O senador Marcos Rogério (PL-RO), presidente do colegiado, também protagonizou momentos de tensão ao interromper Marina e sugerir que ela “se pusesse no seu lugar”, o que foi interpretado por governistas como manifestação de machismo e desrespeito institucional, cenas que tiveram grande repercussão nas redes sociais.
Nesse cenário, o cientista político Felipe D’Ávila defende a renúncia da ministra. “É o que Marina deveria fazer, se ainda restar alguma dignidade a ela”, disse.
No auge das críticas, defesa da ministra ficou restrita a apenas dois senadores
Ao lado de Eliziane Gama (PSD-MA), Rogério Carvalho (PT-SE) foi um dos únicos senadores presentes a defender a ministra durante o bate-boca. “Quando alguém começa um debate dizendo que respeita a mulher, mas não respeita a ministra, isso não cabe em um debate institucional”, disse ele na sessão.
Após a sessão tumultuada no Senado, Marina se reuniu com o presidente da Câmara, Hugo Motta (Republicanos-PB), para solicitar mais tempo de discussão sobre o projeto do novo marco dos licenciamentos. Motta garantiu que consultará líderes partidários e setores da sociedade antes de definir o cronograma.
No mesmo dia, a Câmara aprovou o projeto conhecido como Lei do Mar, que institui a Política Nacional para a Gestão Integrada, a Conservação e o Uso Sustentável do Sistema Costeiro-Marinho. A proposta, em tramitação há 13 anos, fixa diretrizes para preservação do oceano e a sustentabilidade de comunidades litorâneas.

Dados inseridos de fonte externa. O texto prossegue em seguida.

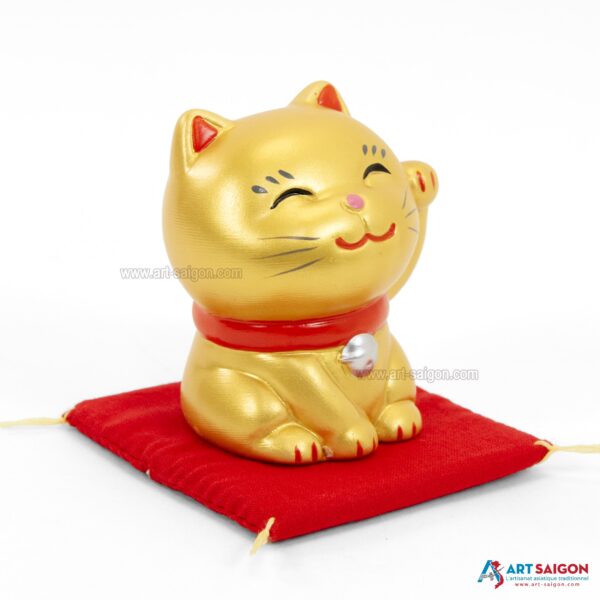 Maneki Neko Doré, Fabriqué au Japon. Chat Porte Bonheur Japonais, Lucky Cat | Décoration et Artisanat Asiatique - Article vendu par la Boutique Art-Saigon.com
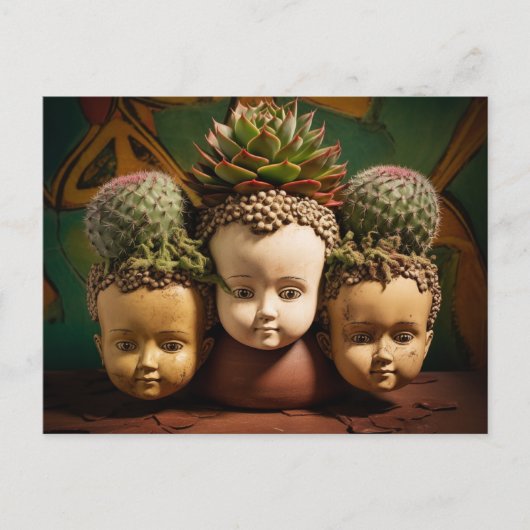 Cactus en Succulent Head planters Briefkaart (Voorkant)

Pela proposta, os municípios do litoral terão até quatro anos para se adequarem às novas exigências após a sanção da lei. O texto segue para análise no Senado, na mão inversa do marco de licenciamentos. Analistas acham que a votação da Lei do Mar pode ter sido uma resposta ao mal-estar gerado pelo episódio com Marina.
Novo licenciamento ambiental junta apoio de oposição, mercado e governistas
A coincidência entre a aprovação da Lei do Mar e os confrontos de senadores com a ministra não levantou, contudo, dúvidas sobre a votação do novo marco para licenciamentos, que tem apoio das entidades que representam os maiores setores econômicos e até de parte do governo, como o ministro da agricultura, Carlos Fávaro.
O ministro defende a mudança na lei aprovada no Senado para simplificar normas de licenciamento ambiental e, assim, impulsionar o crescimento do país e facilitar a liberação de obras de infraestrutura esperadas há décadas, como a ferrovia Ferrogrão, que escoará a produção do Centro-Oeste pelos portos do norte do país.
A expectativa é que o projeto de licenciamento ambiental seja votado na Câmara até julho, embora o episódio envolvendo Marina possa influenciar na tramitação. No caso da exploração de petróleo na Foz do Rio Amazonas, que beneficia diretamente o Amapá, de Alcolumbre, a pressão contra a ministra é ainda maior.
O próprio Lula cobrou o Ibama para ser “pró-governo” e “deixar de lenga-lenga” na concessão de licença ambiental para a Petrobras iniciar a exploração de petróleo na área já batizada de “novo pé-sal”. O presidente sabe que a ministra é uma das maiores opositoras ao projeto, apoiada por ONGs nacionais e estrangeiras.
O episódio no Senado gerou reações de solidariedade a Marina. A primeira-dama, Rosângela “Janja” da Silva, e as ministras Márcia Lopes (Mulheres) e Anielle Franco (Igualdade Racial) chamaram as falas de senadores de misóginas. Lula apenas comunicou a Marina por telefone que ela agiu certo ao deixar a audiência.